▸ **REQUIREMENT**: Leaving out all images, return the entries below exactly.

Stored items
+ + + +
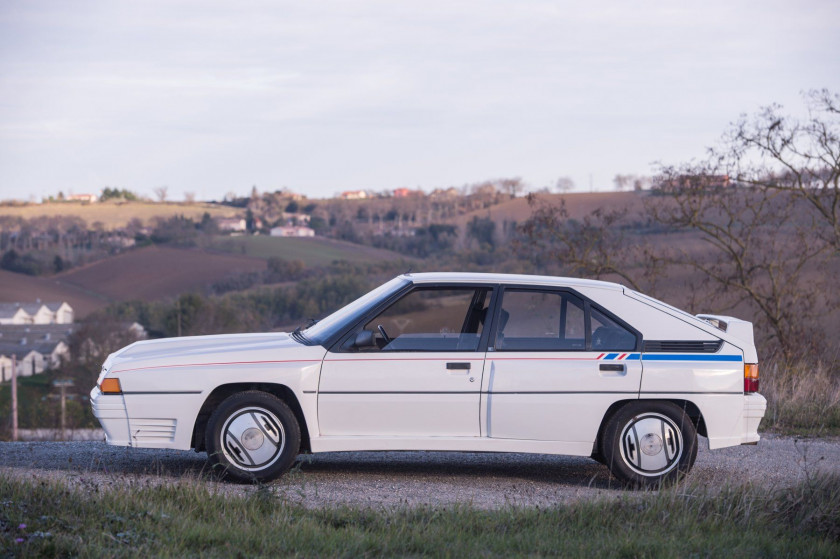 1986 Citroën BX 4TC  No reserve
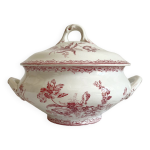 Soupire en terre de fer fontanges, sarreguemines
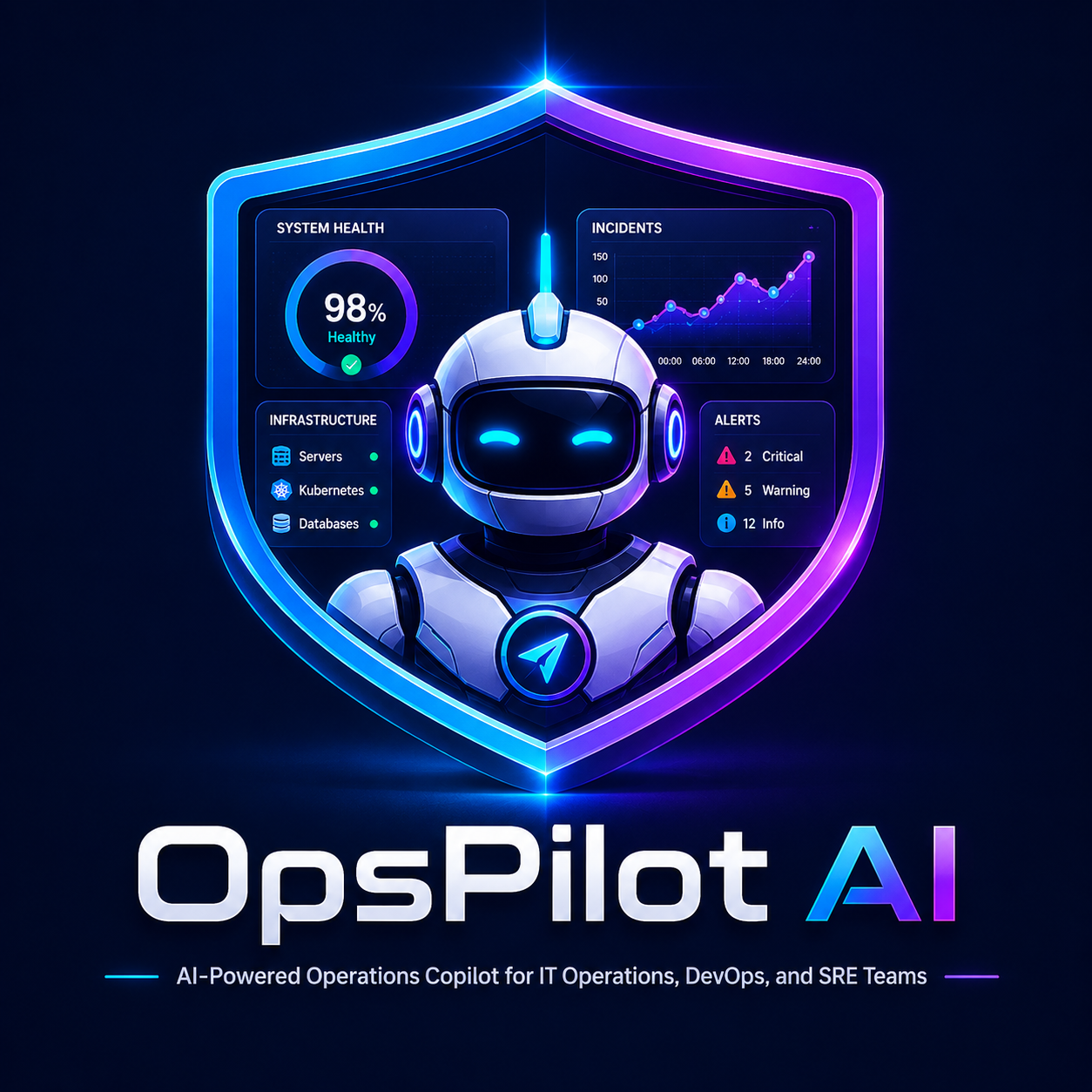 OpsPilot AI dashboard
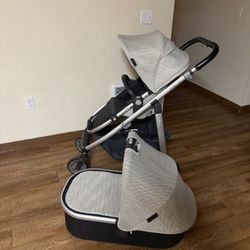 Uppababy  Stroller Cruz  V2 and Bassinet 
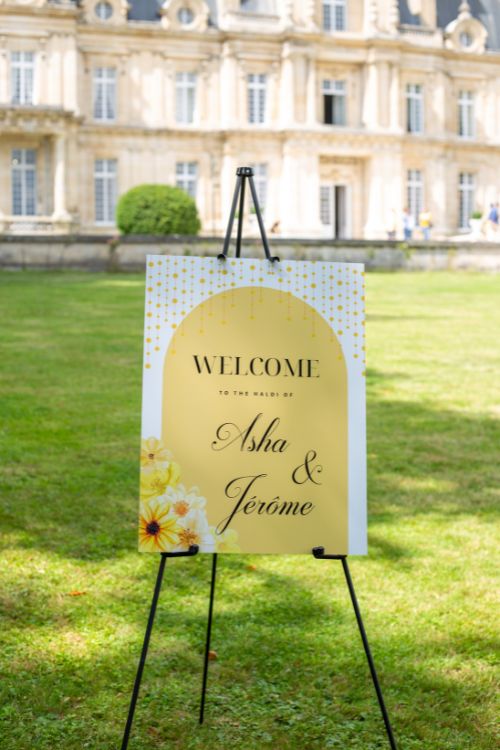 Mariage multiculturel indien américain français 9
+ + + +
▸ **RESPONSE BELOW**:
 1986 Citroën BX 4TC  No reserve
 Soupire en terre de fer fontanges, sarreguemines
 OpsPilot AI dashboard
 Uppababy  Stroller Cruz  V2 and Bassinet 
 Mariage multiculturel indien américain français 9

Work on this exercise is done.